タバコを消している

在宅勤務になってつい誰の目もないからタバコに手が伸びる、喫煙で気分転換したくなるコロナ禍で喫煙量が増えた人もいるでしょう。「喫煙は重症化リスクや免疫力に影響を及ぼします」と、禁煙専門医の川井治之さんは注意を呼びかけています。

喫煙と新型コロナウイルスの関係

今までの研究から、喫煙したことのある人が新型コロナウイルスに感染した場合、重症化しやすいことが、かなり早期の段階から分かっていました。

 

2021年8月に米国のカリフォルニア大学サンフランシスコ校などの研究グループが発表した論文では、45歳未満の喫煙者は新型コロナウイルスの重症化が顕著に進行することが記されています。

 

これは、若い人でも喫煙者であれば、新型コロナウイルスの感染によりICUや人工呼吸器の使用しなければならない危機的な状態に陥る可能性を示しています。

 

長年喫煙をしていると肺が壊れて、“タバコ肺”と呼ばれる病気「慢性閉塞性肺疾患 (COPD)」になる人がたくさんいます。

 

“タバコ肺”が進むと、肺の機能が低下してどんどん弱っていきます。主な症状としては、息切れ。平らな道を歩くような日常的な場面でも息が切れやすくなり、水の中で溺れているような苦しさが続きます。

 

このような “タバコ肺”を抱えたヘビースモーカーが新型コロナウイルスに感染すると、 呼吸困難に陥る可能性があります。

タバコを吸う人が重症化しやすくなる理由

タバコの煙は全身の免疫力を下げることも明らかに。

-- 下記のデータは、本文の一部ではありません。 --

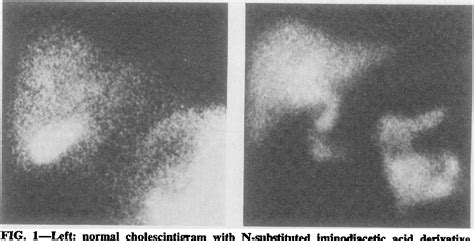 Figure 1 from Nonvisualization of the gallbladder by 99mTc-HIDA cholescintigraphy as evidence of ...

なかでも、肺の免疫機能が大きく影響を受けます。

 

肺には、細菌やウイルスを掃除する「肺胞マクロファージ」と呼ばれる白血球がいます。タバコの煙はこの肺胞マクロファージの機能を低下させるため、新型コロナウイルスや肺結核、肺炎などに感染しやすくなるのです。

 

肺胞マクロファージの機能が低下した状態で肺の中にガンができると、進行を防げずそのまま大きくなってしまうことがあります。喫煙は新型コロナウイルスだけではなく、あらゆる大病にかかるリスクが高まる習慣です。

 

喫煙者本人だけでなく、受動喫煙した周りの家族や友人にも悪影響を及ぼします。喫煙していなくてもタバコの煙を吸ってしまえば、喫煙者と同じく免疫機能が低下する恐れがあるのです。

変化する禁煙への意識

ここ数年のコロナ禍で重症化リスクの知識が広まっているため、「重症化が怖いから禁煙しよう」と思った人は増えていると言われています。

 

加えて、密閉・密集・密接の“3密”になりやすい喫煙スペースが各地で閉鎖されていることも、外出先で喫煙しにくい状況をつくっていますよね。

 

もし“タバコ肺”になってしまった場合、進行を止める薬はありません。これ以上肺をいじめないためには禁煙がいちばんの薬です。

 

タバコをやめれば、新型コロナウイルスの重症化リスクを低下させ、本来体が持つ免疫力をキープできるでしょう。将来的には、自分や周囲の大切な人々が肺がんや肺炎のような病気にならないための予防にもつながります。

 

コロナ禍で自分の健康と向き合う機会も増えたと思います。未知の病気と闘うことを禁煙のきっかけにしてみてはいかがでしょうか。


PROFILE 川井治之さん

川井治之先生
禁煙専門医、岡山済生会総合病院がん化学療法センター長、内科診療部長。肺がん患者と30年以上向き合う中で、禁煙の大切さに気付く。以降、禁煙外来をしながら、「禁煙センセイ」としてのSNS活動や講演、書籍の執筆など啓発に力を入れている。